- **Task item**
Reproduce, exactly and only, the lines of the data that follows from the one containing "[50-1503B] Dycem non-slip" down to the one containing "SIEMENS 6GK5876-4AA00-2DA2 Industrial", without pictures.

- **Data in this exercise**
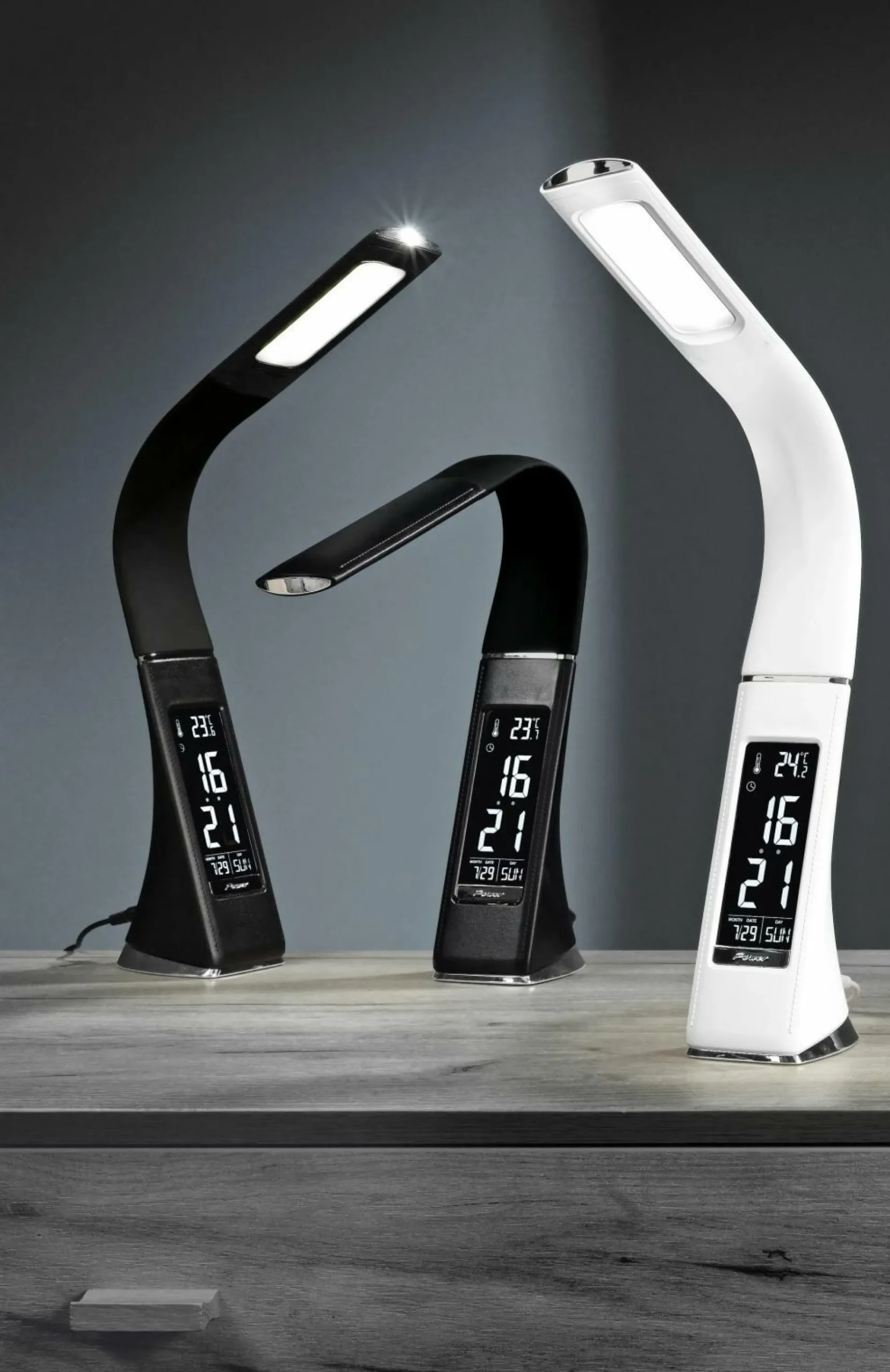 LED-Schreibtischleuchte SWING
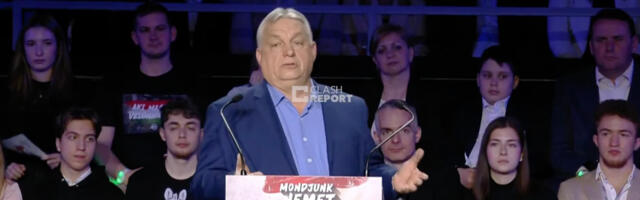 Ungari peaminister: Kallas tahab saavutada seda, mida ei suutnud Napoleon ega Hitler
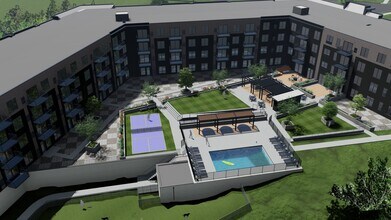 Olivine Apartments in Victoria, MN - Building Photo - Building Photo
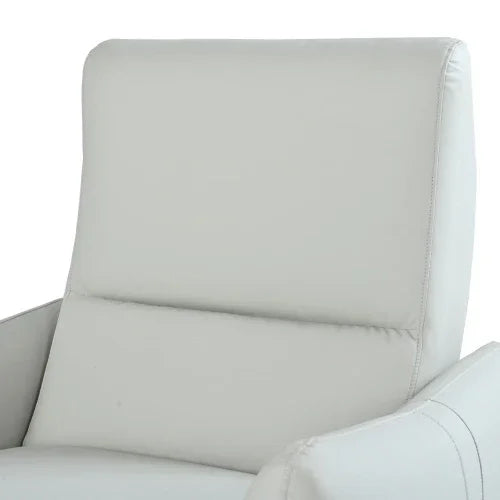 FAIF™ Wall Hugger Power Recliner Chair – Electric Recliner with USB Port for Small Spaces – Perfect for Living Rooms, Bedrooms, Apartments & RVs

--

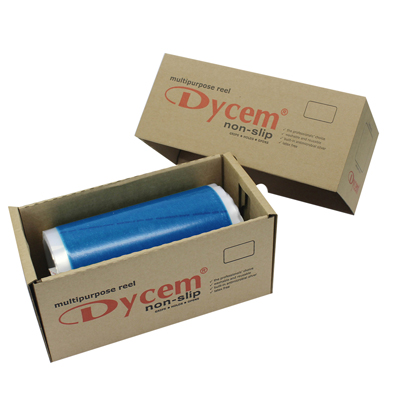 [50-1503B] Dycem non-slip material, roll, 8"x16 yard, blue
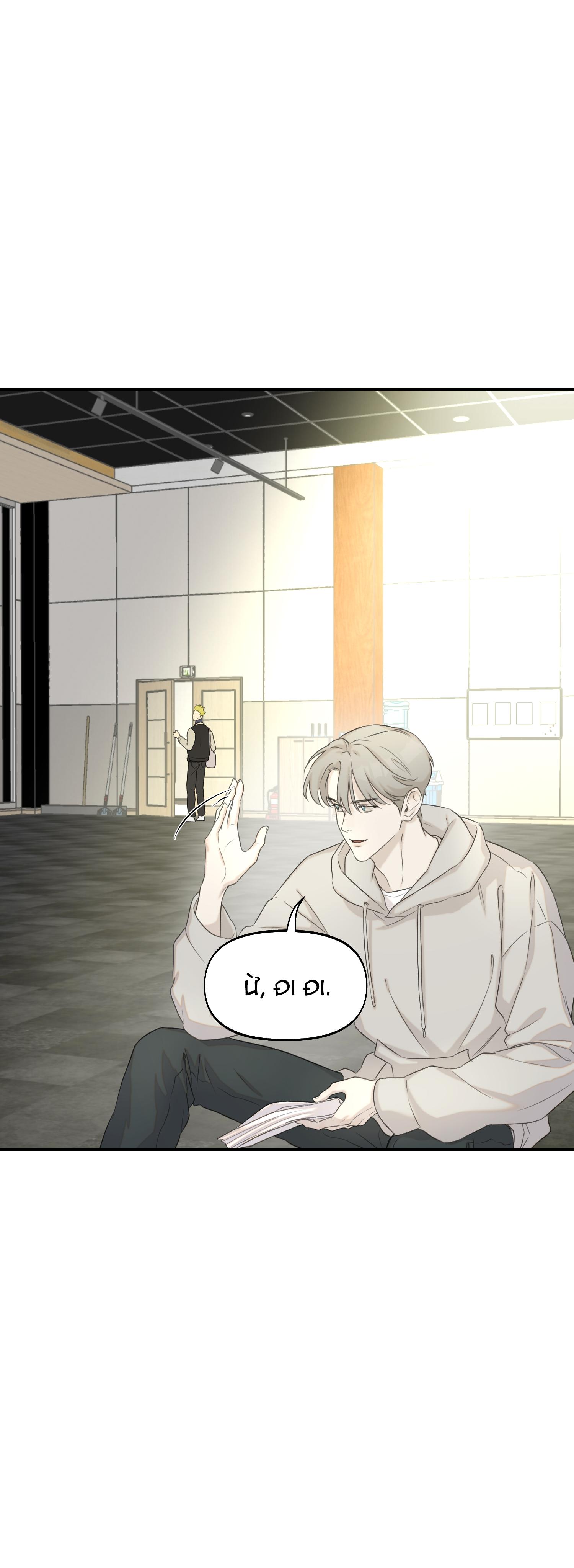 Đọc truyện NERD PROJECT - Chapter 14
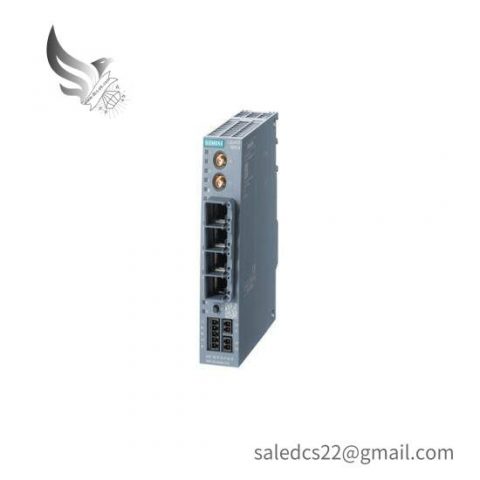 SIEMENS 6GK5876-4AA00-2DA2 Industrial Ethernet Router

...

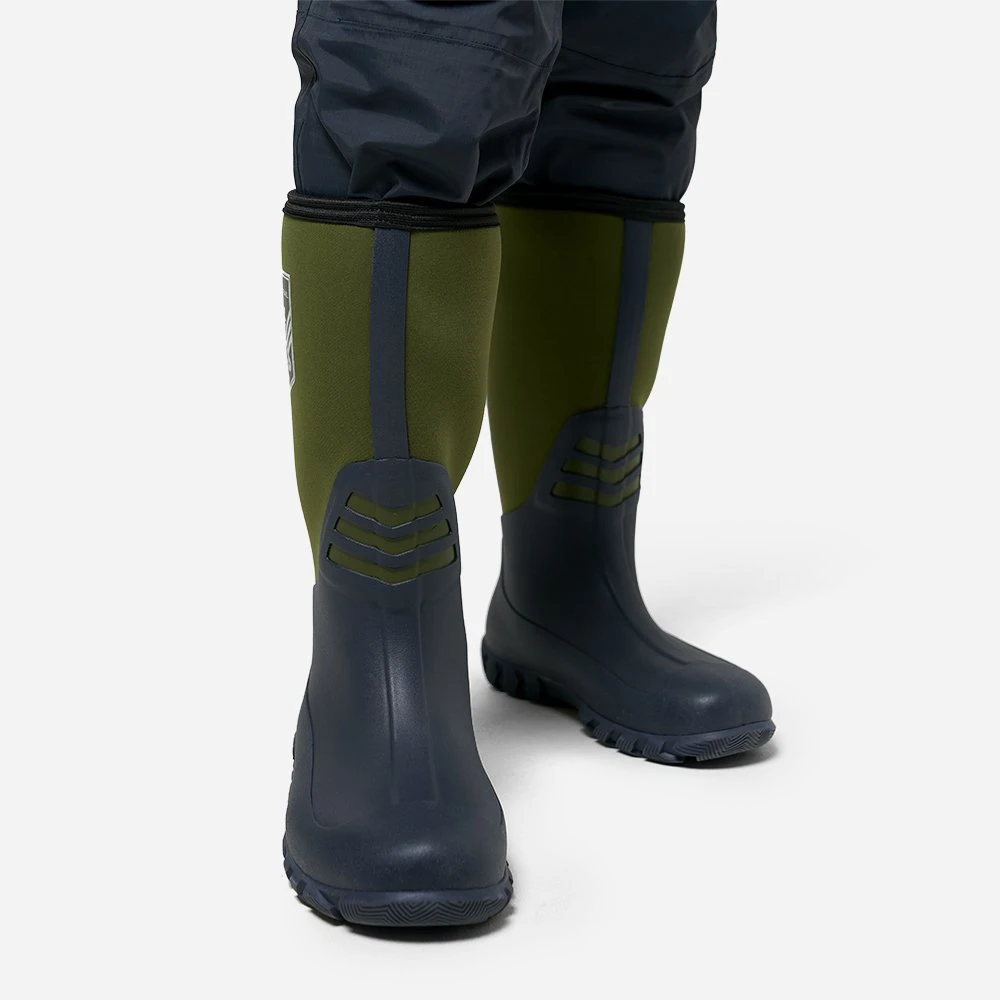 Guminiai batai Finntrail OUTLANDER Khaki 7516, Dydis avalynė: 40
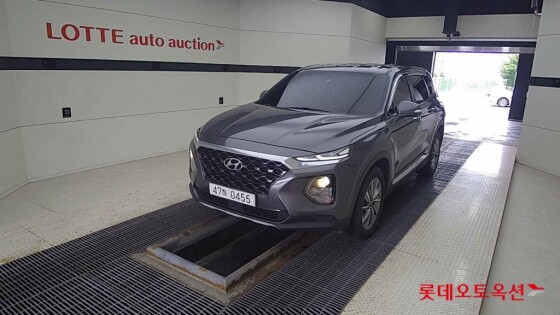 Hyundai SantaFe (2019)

- **Result below**
 [50-1503B] Dycem non-slip material, roll, 8"x16 yard, blue
 Đọc truyện NERD PROJECT - Chapter 14
 SIEMENS 6GK5876-4AA00-2DA2 Industrial Ethernet Router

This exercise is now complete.